And then when you get to that 10 to 18 mark, now you're in the hard conversation phase and your kids are asking you, Hey, I've got a friend at school. And they're a good friend and she's trans and he's gay. And how do I react? How do I respond? How do I treat that person? And if you don't have tools in your tool belt, many of them to give to your kid to say, Hey, here, here, here's an approach you can take in this particular situation.
You're gonna be just as lost as they are. And that's not gonna be helpful to your kiddos. They're looking to you to give them wisdom for the challenging circumstances that they're living in. And it's different circumstances than you were probably living. I mean, when I was in high school, I graduated in 2006.
I remember when there was like a gay straight club that got started and this was controversial in 2006. I mean, most people couldn't believe that you'd have something like that. Well, now it would be controversial to say you shouldn't have something like that. And that just highlights our kids are in a different circumstance and if you aren't equipped, you can't equip them.
Yeah. That's so good.
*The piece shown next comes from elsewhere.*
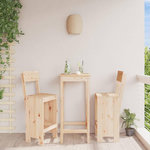 VIDAXL Tabourets de bar lot de 2 40x48,5x115,5 cm bois massif de pin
Um, can you, okay, so can you talk me through some of the, uh, the different archetypes and maybe some, like ones that are on the other side of this spectrum? Um, and. If there's a way, I'm sure you have some examples in the book. Can you show us how different ones would respond to different scenarios?
Yeah, yeah. Well, lemme talk about the two I've already mentioned, uh, one being what we call the protestor. I, i, I called him the prophet earlier. Uh, and the other one being the advisor. So the protestor is the person who's speaking out. They're changing the world by challenging injustice. The advisor is someone who changes the world by influencing the influential very different roles from one another.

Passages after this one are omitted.